Belirtmek gerekir ki görev kamu düzenindendir ve görevde kıyas kabul edilemez. Ayrıca asıl olan kanun yoludur. Kanun yolunun sınırlamalara tabi tutulması ancak açık düzenleme ile olacaktır.
Keza HUMK zamanındaki temyiz incelemesi hükümleri ile 6100 sayılı HMK zamanına ilişkin temyiz hükümleri farklıdır. Kabul edilen üçlü yargılama sisteminde ilk derece mahkemesi olarak yargılama yaptığı temyiz sınırının Bölge Adliye Mahkemesi kararları miktarının esas alınması hâlinde dava tarihi itibari ile 58.800,00TL’nin altında tüm tazminat istemlerine kanun yolu, dolayısı ile manevi tazminat yönünden miktar aranmadığından manevi tazminat istemine karşı kanun yolu kapatılmış olacaktır.

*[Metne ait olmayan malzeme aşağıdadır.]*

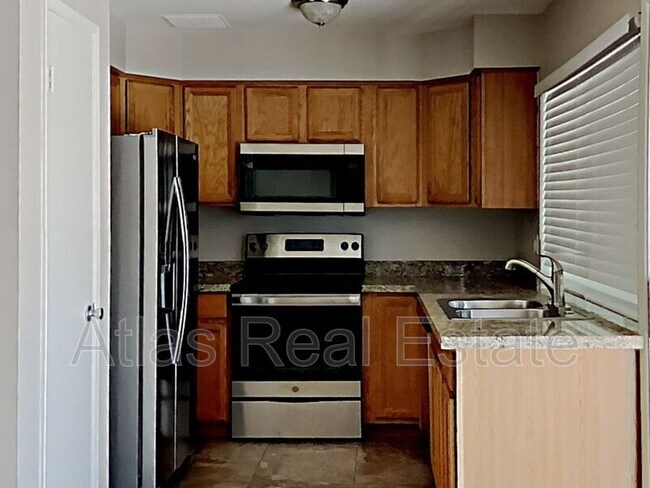 Building Photo - 9855 N 56th Dr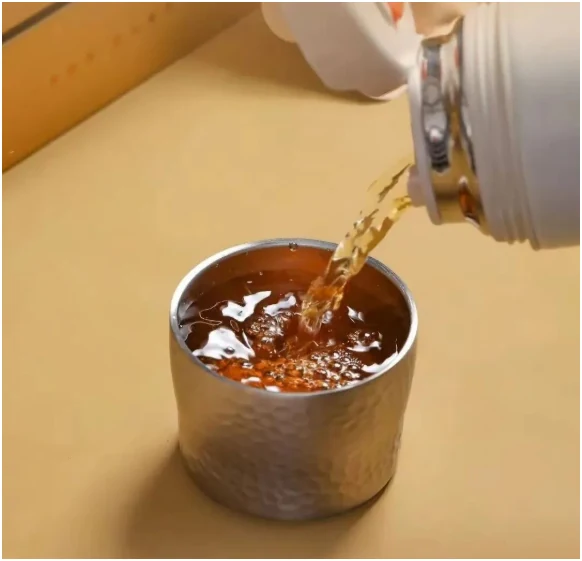 Amber white tea pouring into a small textured cup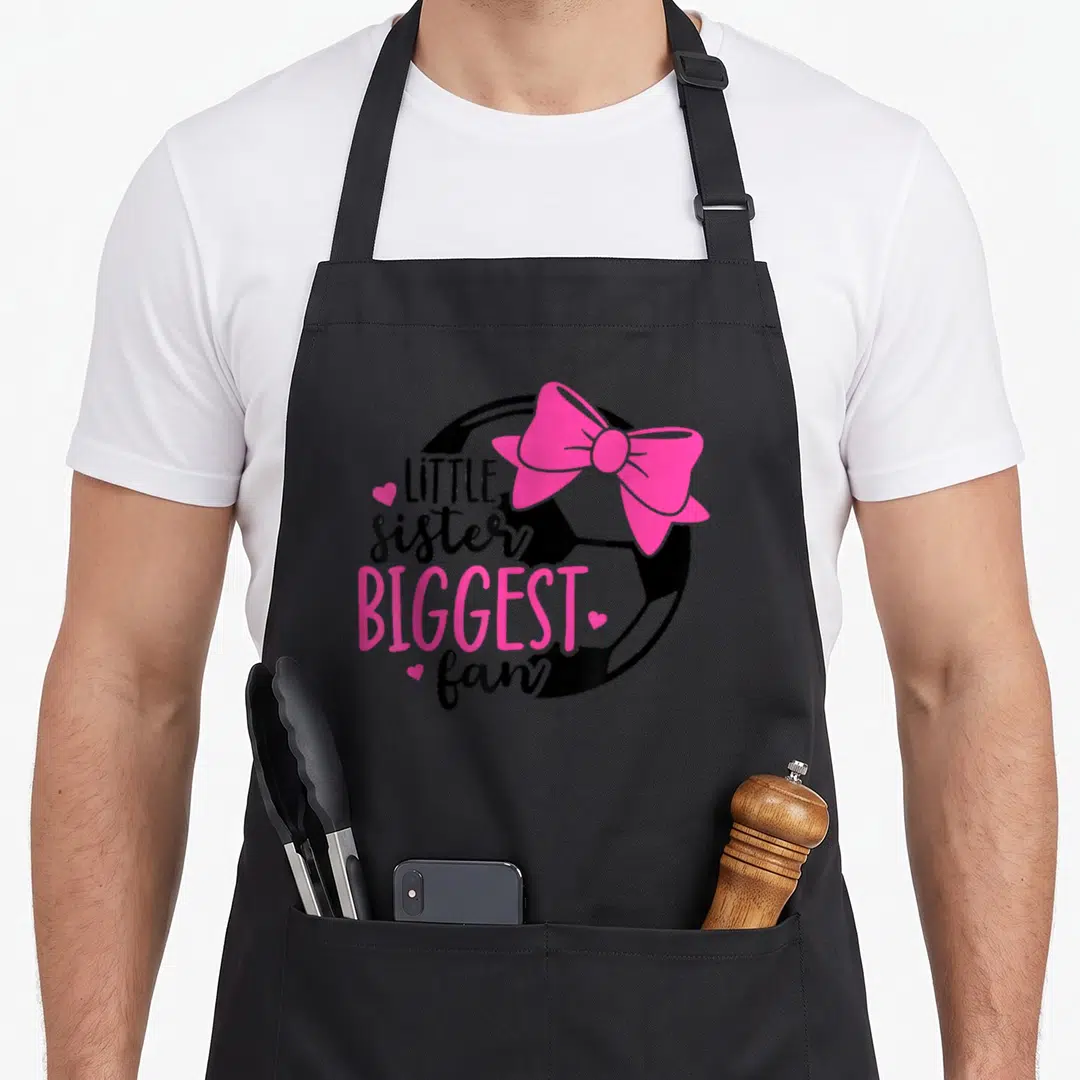 Biggest sister goals apron - LITTLE sister BIGGEST fan text over soccer ball with pink bow and hearts — shown on a black cotton canvas apron against a white background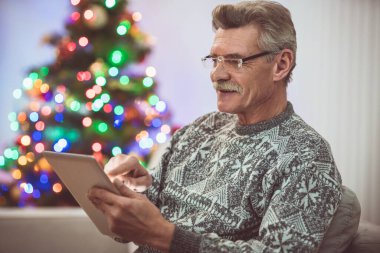 Tabletli yaşlı adam Noel ağacının yanında oturuyor.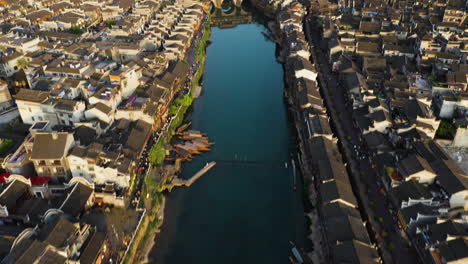 Drone-shot-tilting-over-the-Tuo-Jiang-river-and-the-Phoenix-Hong-Bridge,-in-sunny-Fenghuang-County,-China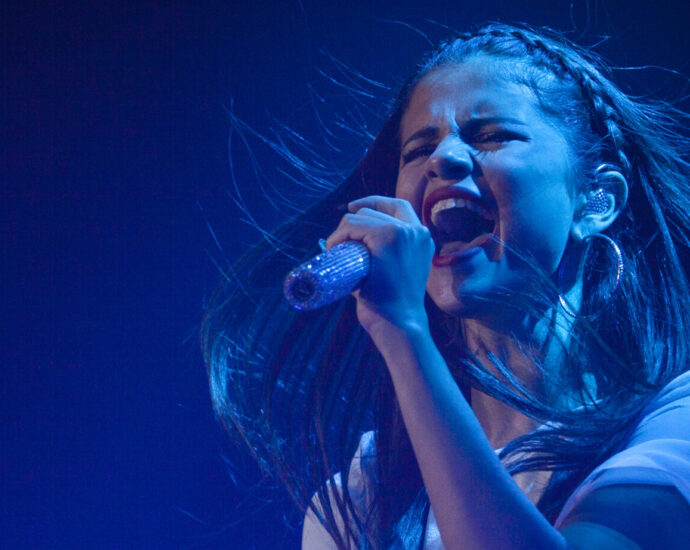 Selena Gomez singing with emotion into a microphone.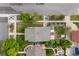 Aerial view of the property shows the deck, landscaping and the surrounding neighborhood at 2703 N Milwaukee St, Denver, CO 80205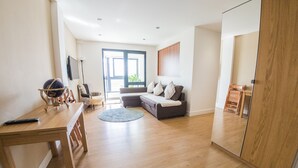 A modern living room with a wooden floor, a sofa, a coffee table, and a TV. - Ilford Tower Apartments (Ilford)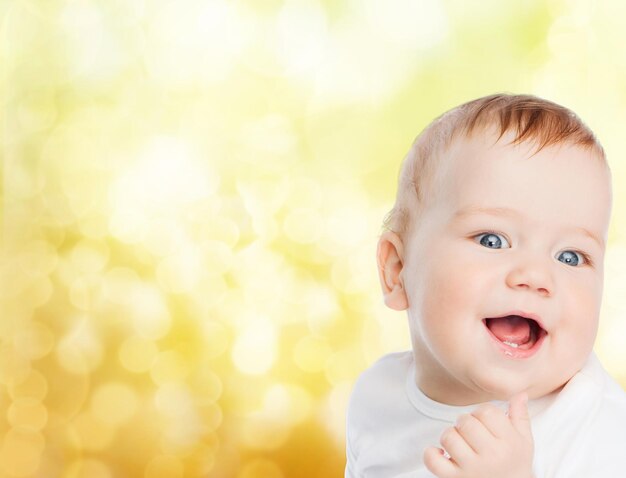 Photo child and toddler concept - smiling little baby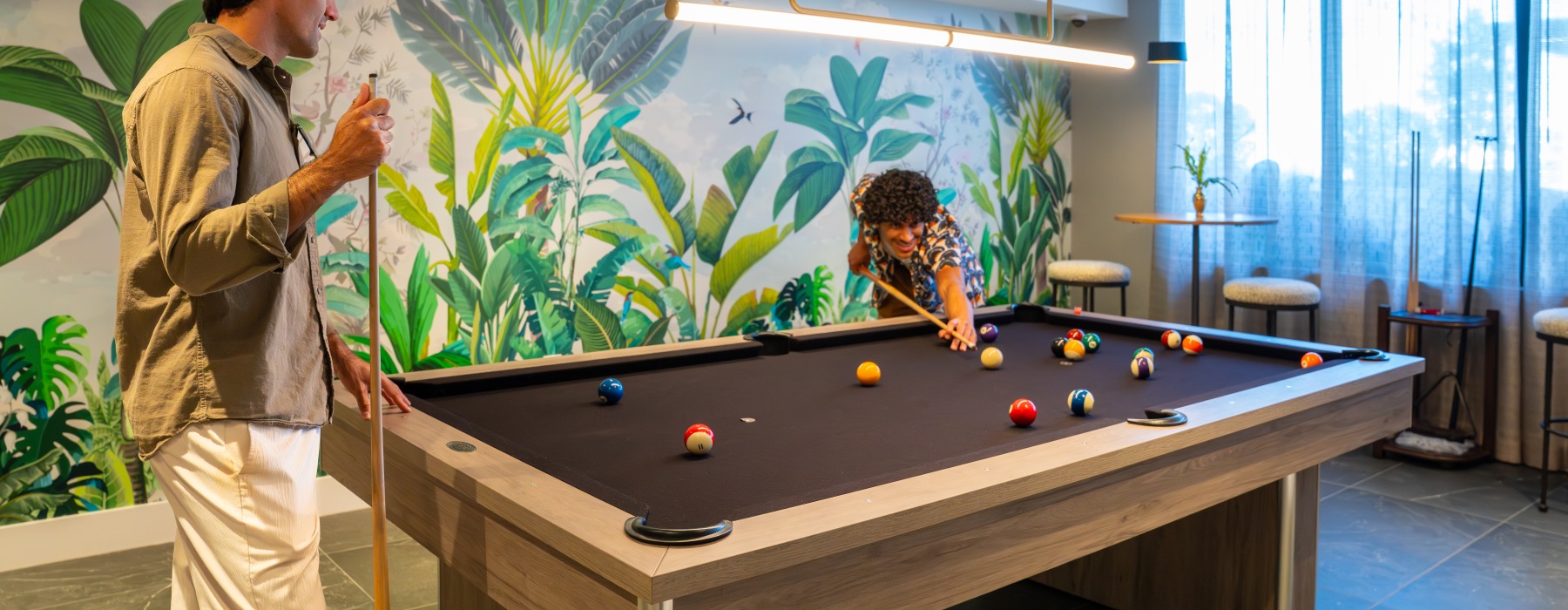 Modern resident game room with billiards table at The Holly at Soleste luxury apartments in Hollywood, Florida featuring upscale amenities and entertainment spaces near Hollywood Beach.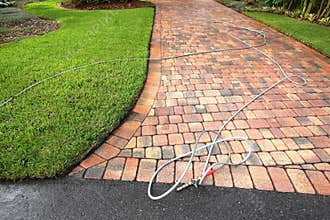 Paver driveway professionally cleaned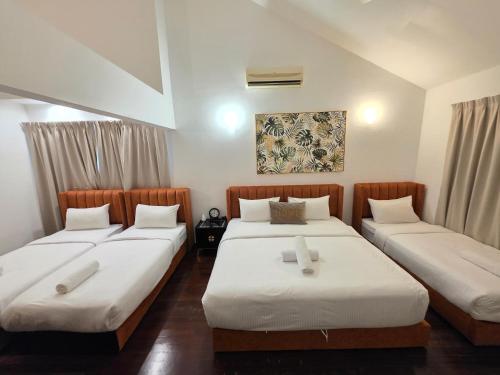 5 Bedroom Villa With Private Pool By Perkasa في كوالالمبور: غرفة نوم بها سريرين مع ملاءات بيضاء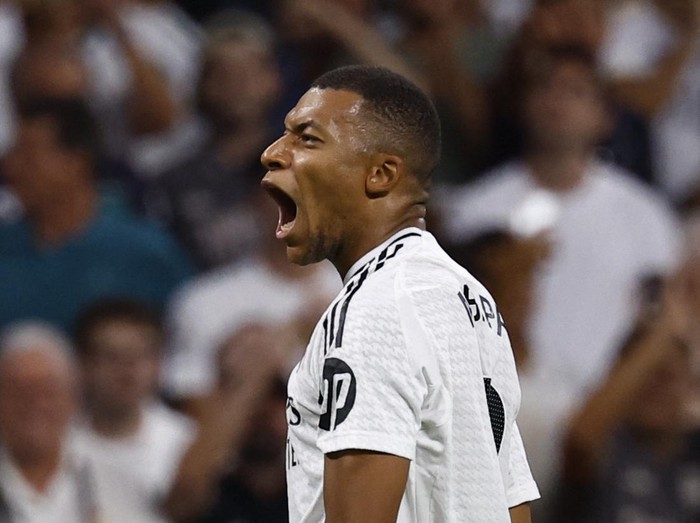 Kylian Mbappe Soccer Football - LaLiga - Real Madrid v Real Betis - Santiago Bernabeu, Madrid, Spain - September 1, 2024 Real Madrids Kylian Mbappe celebrates scoring their second goal REUTERS/Susana Vera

Yargıtay’ın ilk derece mahkemesi olarak karar vermesi, kanun ile verilmiş bir görevdir. İlk derece mahkemesi olarak verdiği kararlarına karşı, HMK sistematiğinde ilk derece mahkemelerinin tabi olduğu kanun yolu hükümlerinin uygulanması gerekir. Davacı manevi tazminat isteminde bulunduğuna ve manevi tazminat kararlarında miktara bakılmaksızın kanun yolu öngörüldüğünden, temyiz incelemesinin yapılmaması kanuna aykırı olacaktır. Bölge Adliye Mahkemesinin kararlarının tabi olduğu HMK'nın 362. maddesinin kıyasen uygulanması, usul hukukunda kıyasen uygulanacak hükümlerin açıkça belirtilmesi ilkesi karşısında isabetli olmamıştır.
Kabul edilen gerekçe ile olağan ilk derece mahkeme kararları ile Yargıtay Özel Dairesinin ilk derece mahkemesi sıfatı ile verdiği kararlar arasında kesinlik bakımından kıyas yolu ile farklılık yaratılmıştır. Olağan ilk derece mahkemesinde manevi tazminat istemi ister kabul edilsin, ister reddedilsin, taraflar açısından kanun yolu açıkken, ilk derece mahkemesi olarak Yargıtay Özel Dairesinde çözümlenen uyuşmazlıkta taraflara kanun yolunun sınırlandırılması, eşitlik ilkesine aykırı olduğu gibi adil yargılanma ve mahkemeye erişim hakkının ihlâlidir. Zira adil yargılanma hakkının en temel unsurlarından biri olan mahkemeye erişim hakkı, bir uyuşmazlığı mahkeme önüne taşıyabilmek ve uyuşmazlığın etkili bir şekilde karara bağlanmasını isteyebilmek anlamına gelmektedir. Kişinin mahkemeye başvurmasını engelleyen veya mahkeme kararını anlamsız hâle getiren, bir başka ifadeyle mahkeme kararı önemli ölçüde etkisizleştiren sınırlamalar mahkemeye erişim hakkını ihlal edebilir (Özkan Şen, B. No: 2012/791, 07.11.2013, § 52). Sayın çoğunluğun görüşüne açıklanan gerekçelerle katılınmamıştır.